### Exercise objective:
Only the pictures should be left out; write out all other data exactly.

### Source information:
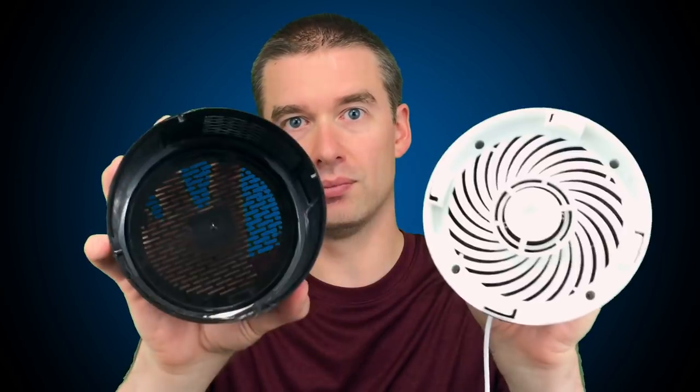Something to take note of: this doesn't zap the bugs — it just keeps them in the container. So if you don't want to wait for them to dry out and die, and you have this inside your house, you could simply keep it locked, take it outside, open it up, let the mosquitoes fly away, and you're done. Overall, in my three days of testing, I am pretty satisfied with this for the price point and the safety of it. I could put this in my kid's room, no problem. It has a nice white noise.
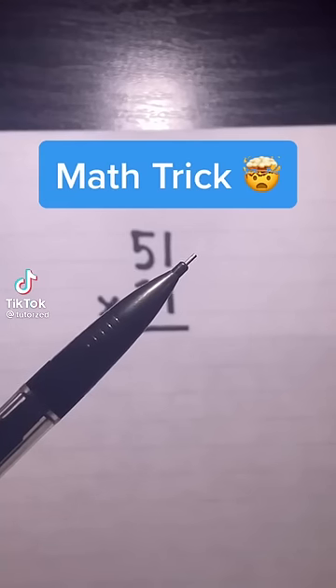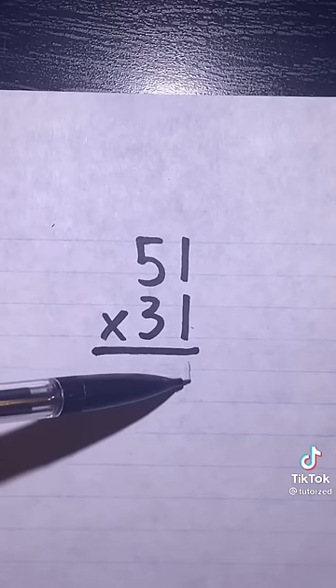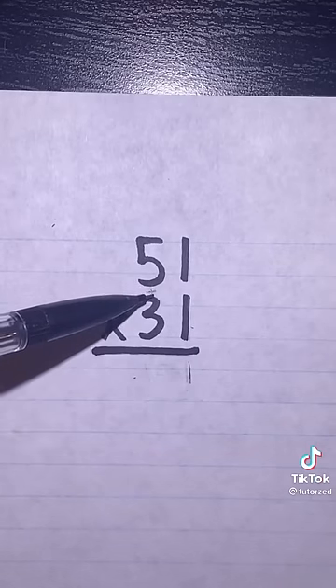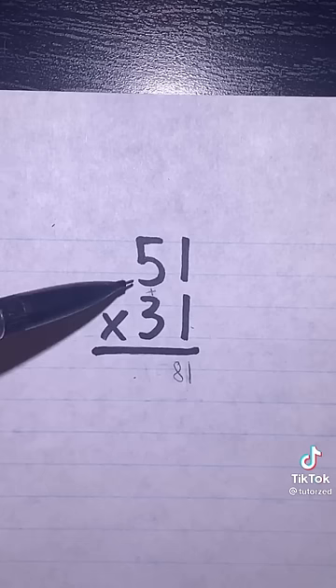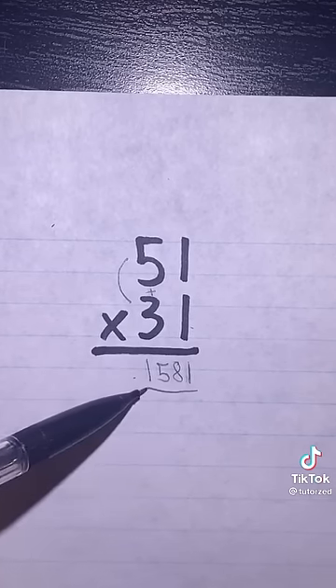This math trick makes multiplication so much easier. So if we're multiplying two numbers ending in one, all we have to do is put one at the end, add the first two digits together and put that in front of the one, and then multiply them and put them in front of that — we get fifteen — and our answer is one thousand five hundred and eighty-one.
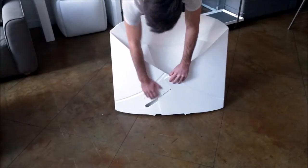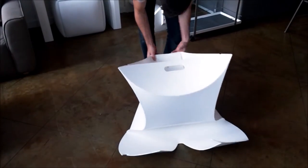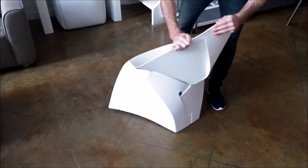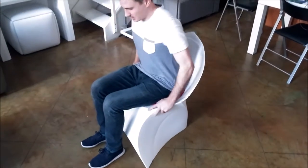This is the Flex Folding Chair available at Expand Furniture. It is a compact, lightweight, envelope-style chair that unfolds into a comfortable lounge chair.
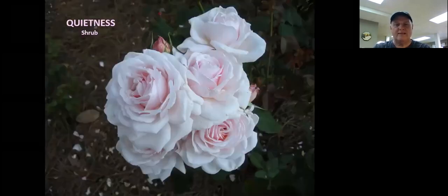This is Quietness — a shrub rose. You can see all the different blooms on one stem. That's a great shrub rose if you like cut flowers.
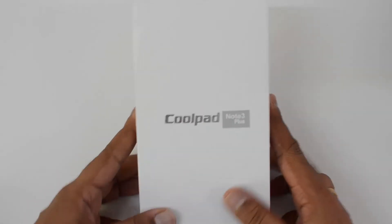Hello friends, this is Normal here for Technique. In this video we're going to unbox the Coolpad Note 3 Plus. Earlier this year, Coolpad announced the upgraded version of the Coolpad Note 3, which was announced last year and was a major success in India.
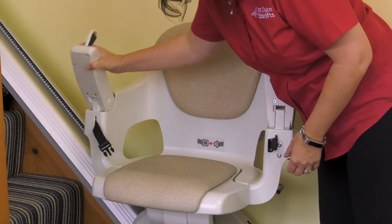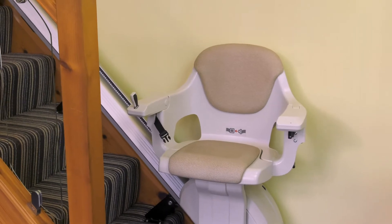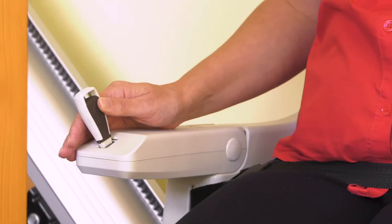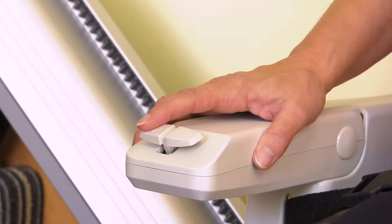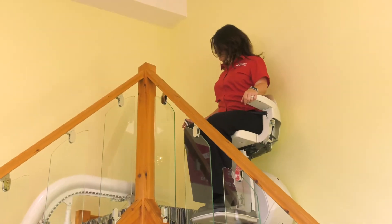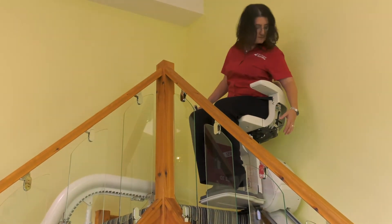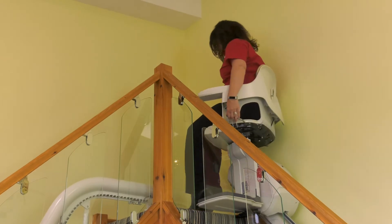When not in use, the chair and footrest fold up, or you can leave it all unfolded and ready to go. To use, simply sit in the seat, fasten the seat belt and press the arm control in the direction of travel with constant pressure. You have a choice of a joystick or rocker arm control as standard. When the lift reaches the end of the rail, it will stop automatically. The chair swivels around at the top and this is operated by a manual lever at the side of the chair.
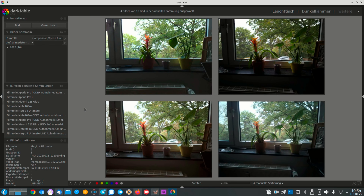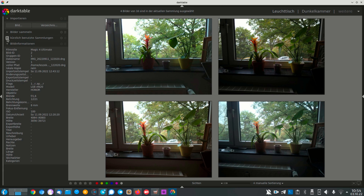Here we have the photos in DNG RAW. All of these are in DNG RAW and you can see the data on the side. This is the Xperia Pro-i, this is the Xiaomi 12s Ultra, this is the Magic 4 Ultimate, and this is the Mate 40 Pro. This will be a longer video and I did a comparison of multiple images, but I will only show you two images, otherwise this video will be too long.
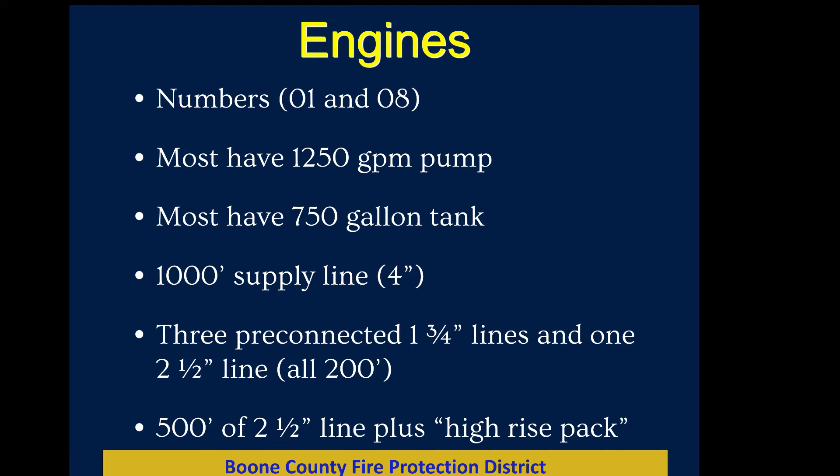An engine has a unit number ending in 01 if it's a frontline engine, or 08 — for example, an engine from station 12. Most of our engines have 1,250-gallon-per-minute pumps and a 750-gallon tank. All of our engines carry a thousand feet of four-inch supply line, which is used to connect from a water source to the attack engine — the engine supplying hose lines to attack the fire.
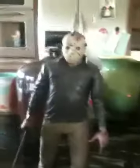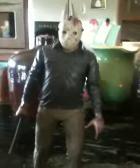Hey guys, I'm gonna be reviewing a Jason Voorhees figure from Friday the 13th. This is from Part 4, the 4th movie.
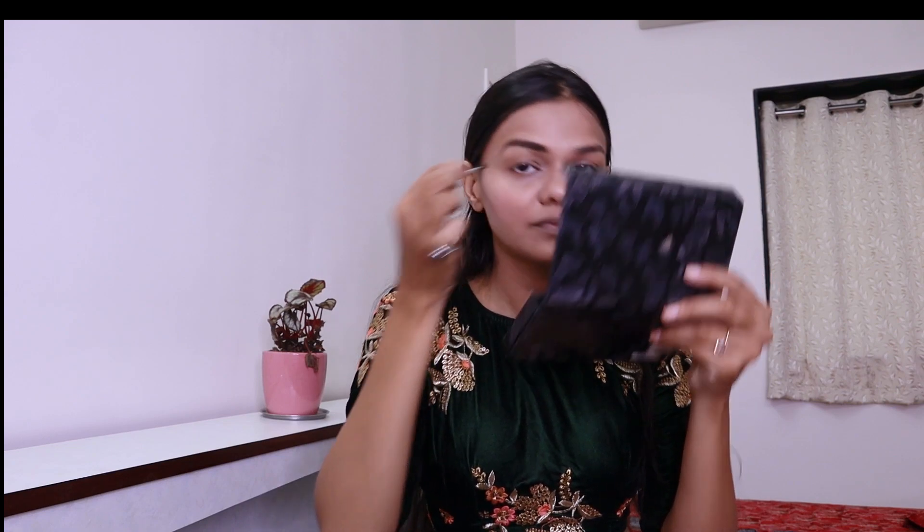Now that I've applied the highlighter, the next thing I'm going to do is fill my eyebrows. I'm going to use my eyeshadow palette to fill them — you can see the instant difference, how natural this looks. Make sure you're filling them properly. My eyebrows are looking beautiful and giving a very natural look.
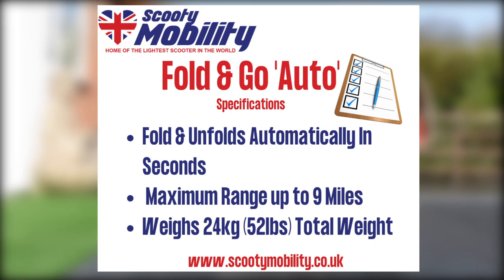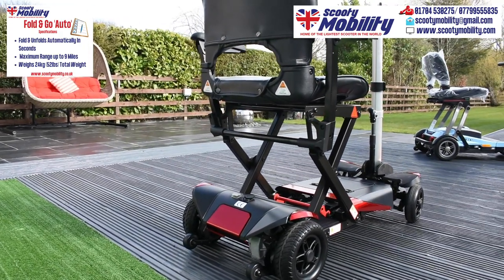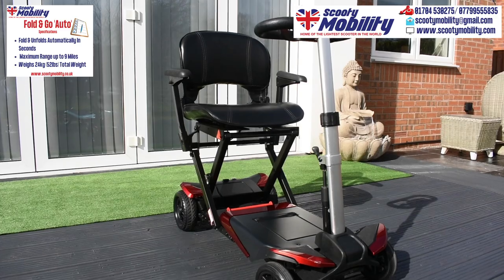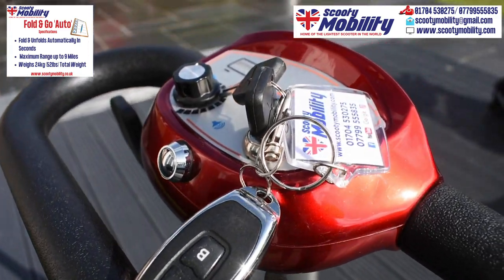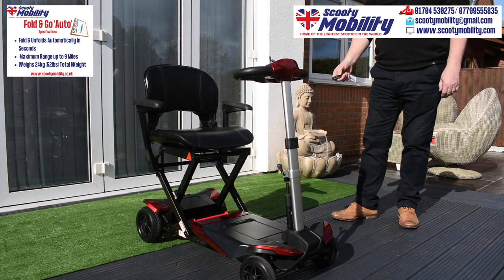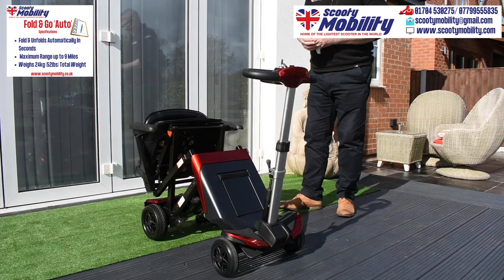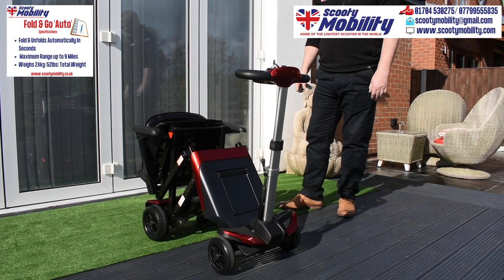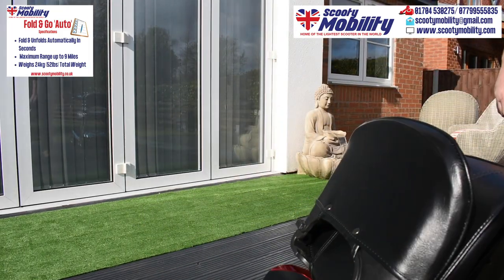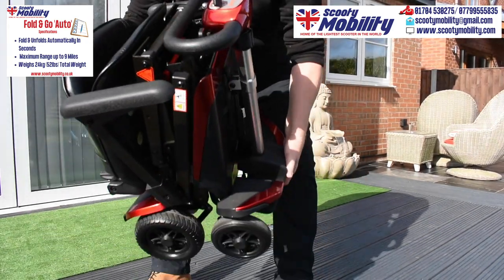So here we have the Auto Fold — a fabulous scooter, we sell a great load of these. It folds up automatically with the press of a remote control on your key ring. It weighs around about 27 kilos, so obviously it's heavier than the Scooty, but still manageable. Here's the little remote control — press button A and it will start unfolding. It stops halfway as a safety feature in case a child or pet got underneath it while folding, so you need to press the button a second time. You can wheel it around like a suitcase. Very manageable, very comfortable, full four wheels. It's got a range of about 8 miles.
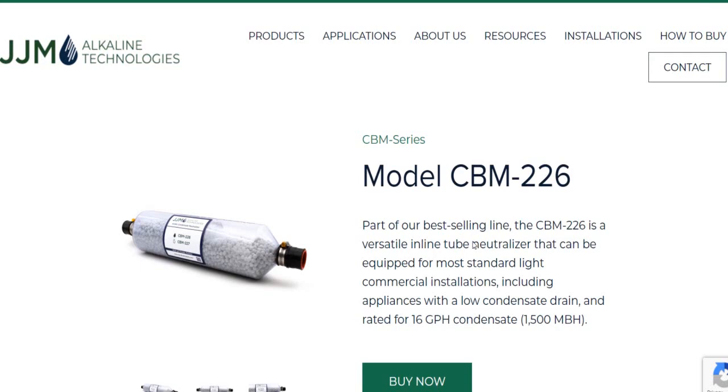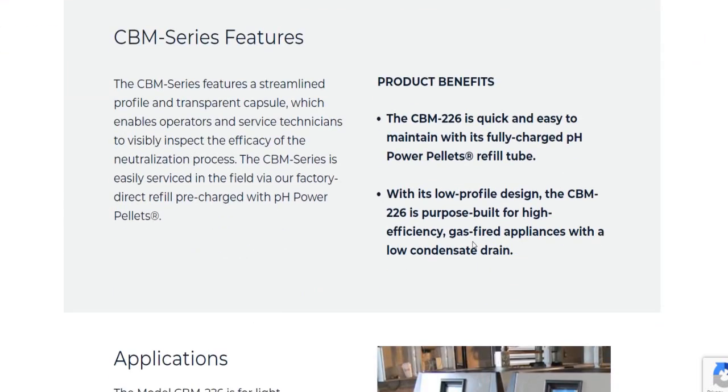There are little hose clamps on either side where you connect it to the drain. The CBM series features a streamlined profile and transparent capsule, which enables operators and service technicians to visibly inspect the efficacy of the neutralization process. The CBM series is easily serviced in the field via factory direct refill pre-charged with pH Power Pellets. I like that - pH Power Pellets, now we're talking.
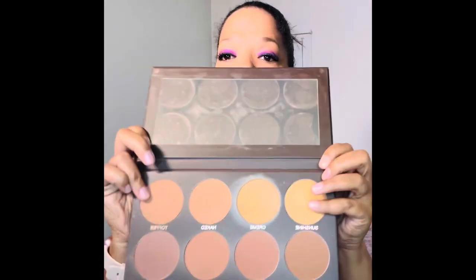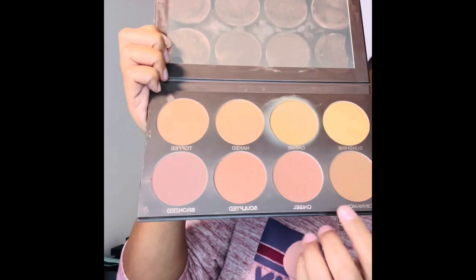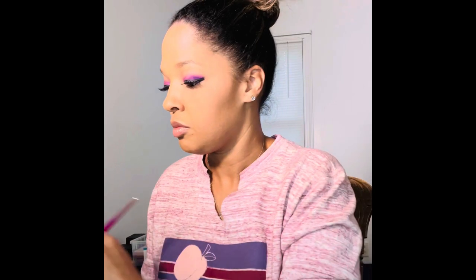Now we're going to do the bronzer, blush, and highlight. I didn't purchase any bronzer from BoxyCharm, so I'm going to go in with my Cab Cosmetics bronzer today, using a few of the dark shades from the bottom row and mixing them all. And I'm still loving the Milani blush — I'm going to go in with this big blush here, which is in the shade Bella Bellini. It's a really pretty pink.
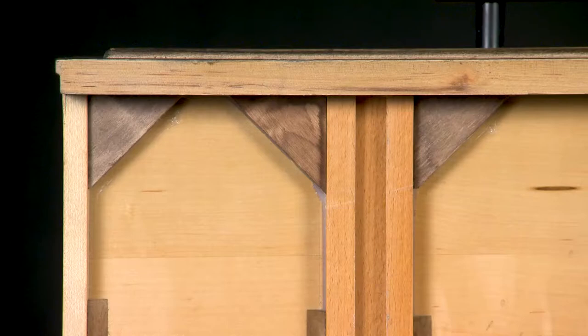Underneath, corner blocks and cleats add strength that keeps the drawer square. Beads of glue all along the drawer bottom also add strength and prevent rattling. Our drawers are the strong silent type.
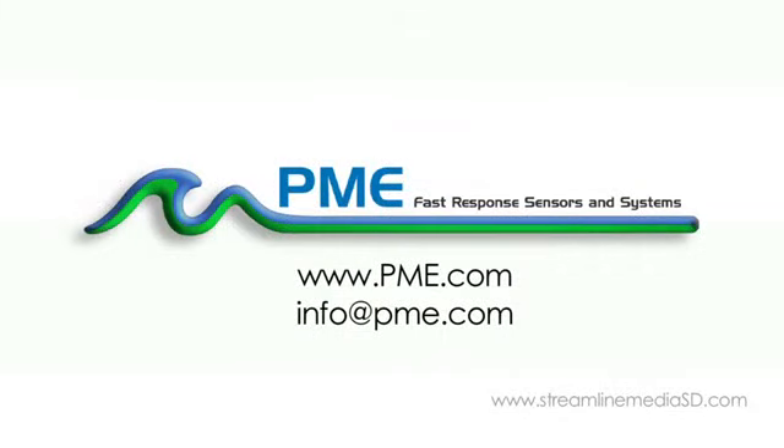For more information, please visit Precision Measurement Engineering at www.pme.com.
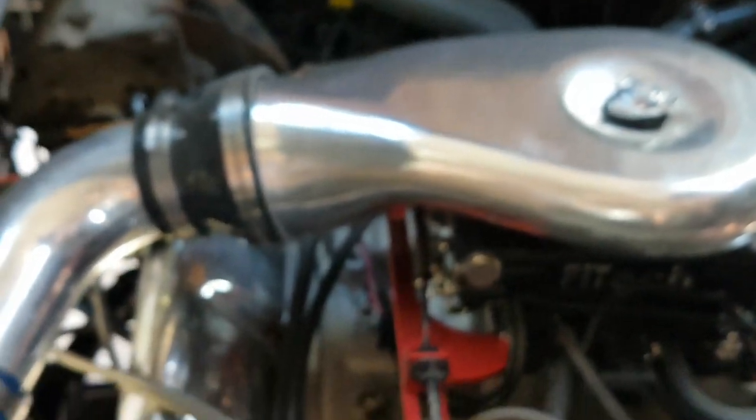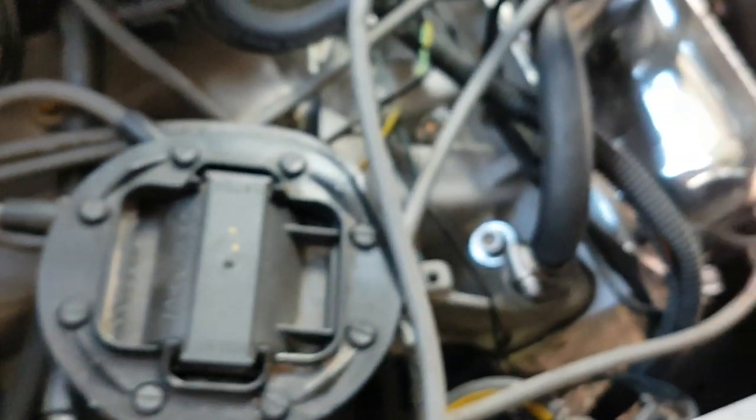Headers do increase the under-hood temperature quite a bit. I couldn't get exhaust donuts for the manifolds because I wasn't ready to put the headers on originally, but I ended up having to put these on and had to cobble my original exhaust back in, which I did not want to do. I just ran out of time because I wanted to use this thing at least once for the summer.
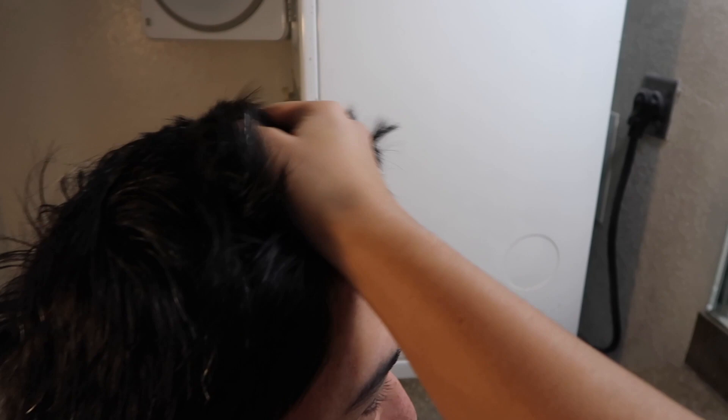Hello everybody, it's been a while. We are gonna cut Kala'i's hair — I mean, I'm gonna cut Kala'i's hair — because we are in quarantine and this is what it has come to. I've cut it before and it took like an hour. It's been a while and I just refreshed myself on YouTube. A lot of people have been posting because of quarantine and doing their own haircuts. Let's see how it turns out.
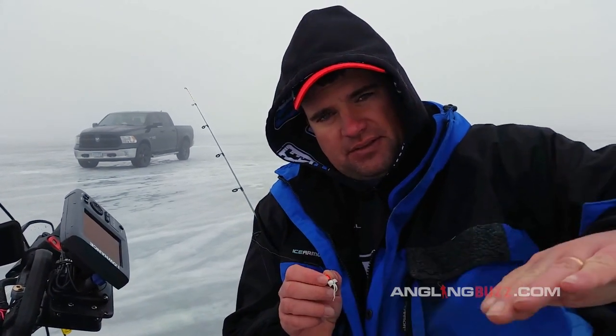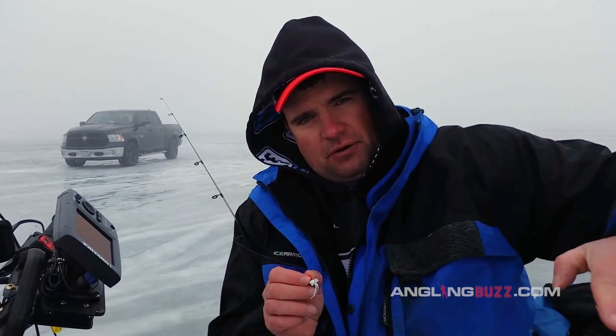Just like tuning a crankbait behind your boat in the summertime — if that jig swings one way, it has to come back the other way. It's got to be perfectly like a pendulum on a clock. If it goes off kilter or spins off, you're not going to catch nearly as many fish. Consider that when you're ice fishing and you're going to catch a lot more and a lot bigger panfish.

### Solution to the exercise:
Something to take note of: this doesn't zap the bugs — it just keeps them in the container. So if you don't want to wait for them to dry out and die, and you have this inside your house, you could simply keep it locked, take it outside, open it up, let the mosquitoes fly away, and you're done. Overall, in my three days of testing, I am pretty satisfied with this for the price point and the safety of it. I could put this in my kid's room, no problem. It has a nice white noise.
This math trick makes multiplication so much easier. So if we're multiplying two numbers ending in one, all we have to do is put one at the end, add the first two digits together and put that in front of the one, and then multiply them and put them in front of that — we get fifteen — and our answer is one thousand five hundred and eighty-one.
This is the Flex Folding Chair available at Expand Furniture. It is a compact, lightweight, envelope-style chair that unfolds into a comfortable lounge chair.
This is Quietness — a shrub rose. You can see all the different blooms on one stem. That's a great shrub rose if you like cut flowers.
Hello friends, this is Normal here for Technique. In this video we're going to unbox the Coolpad Note 3 Plus. Earlier this year, Coolpad announced the upgraded version of the Coolpad Note 3, which was announced last year and was a major success in India.
When not in use, the chair and footrest fold up, or you can leave it all unfolded and ready to go. To use, simply sit in the seat, fasten the seat belt and press the arm control in the direction of travel with constant pressure. You have a choice of a joystick or rocker arm control as standard. When the lift reaches the end of the rail, it will stop automatically. The chair swivels around at the top and this is operated by a manual lever at the side of the chair.
Here we have the photos in DNG RAW. All of these are in DNG RAW and you can see the data on the side. This is the Xperia Pro-i, this is the Xiaomi 12s Ultra, this is the Magic 4 Ultimate, and this is the Mate 40 Pro. This will be a longer video and I did a comparison of multiple images, but I will only show you two images, otherwise this video will be too long.
An engine has a unit number ending in 01 if it's a frontline engine, or 08 — for example, an engine from station 12. Most of our engines have 1,250-gallon-per-minute pumps and a 750-gallon tank. All of our engines carry a thousand feet of four-inch supply line, which is used to connect from a water source to the attack engine — the engine supplying hose lines to attack the fire.
Hey guys, I'm gonna be reviewing a Jason Voorhees figure from Friday the 13th. This is from Part 4, the 4th movie.
Now that I've applied the highlighter, the next thing I'm going to do is fill my eyebrows. I'm going to use my eyeshadow palette to fill them — you can see the instant difference, how natural this looks. Make sure you're filling them properly. My eyebrows are looking beautiful and giving a very natural look.
So here we have the Auto Fold — a fabulous scooter, we sell a great load of these. It folds up automatically with the press of a remote control on your key ring. It weighs around about 27 kilos, so obviously it's heavier than the Scooty, but still manageable. Here's the little remote control — press button A and it will start unfolding. It stops halfway as a safety feature in case a child or pet got underneath it while folding, so you need to press the button a second time. You can wheel it around like a suitcase. Very manageable, very comfortable, full four wheels. It's got a range of about 8 miles.
There are little hose clamps on either side where you connect it to the drain. The CBM series features a streamlined profile and transparent capsule, which enables operators and service technicians to visibly inspect the efficacy of the neutralization process. The CBM series is easily serviced in the field via factory direct refill pre-charged with pH Power Pellets. I like that - pH Power Pellets, now we're talking.
Now we're going to do the bronzer, blush, and highlight. I didn't purchase any bronzer from BoxyCharm, so I'm going to go in with my Cab Cosmetics bronzer today, using a few of the dark shades from the bottom row and mixing them all. And I'm still loving the Milani blush — I'm going to go in with this big blush here, which is in the shade Bella Bellini. It's a really pretty pink.
Underneath, corner blocks and cleats add strength that keeps the drawer square. Beads of glue all along the drawer bottom also add strength and prevent rattling. Our drawers are the strong silent type.
For more information, please visit Precision Measurement Engineering at www.pme.com.
Headers do increase the under-hood temperature quite a bit. I couldn't get exhaust donuts for the manifolds because I wasn't ready to put the headers on originally, but I ended up having to put these on and had to cobble my original exhaust back in, which I did not want to do. I just ran out of time because I wanted to use this thing at least once for the summer.
Hello everybody, it's been a while. We are gonna cut Kala'i's hair — I mean, I'm gonna cut Kala'i's hair — because we are in quarantine and this is what it has come to. I've cut it before and it took like an hour. It's been a while and I just refreshed myself on YouTube. A lot of people have been posting because of quarantine and doing their own haircuts. Let's see how it turns out.
Just like tuning a crankbait behind your boat in the summertime — if that jig swings one way, it has to come back the other way. It's got to be perfectly like a pendulum on a clock. If it goes off kilter or spins off, you're not going to catch nearly as many fish. Consider that when you're ice fishing and you're going to catch a lot more and a lot bigger panfish.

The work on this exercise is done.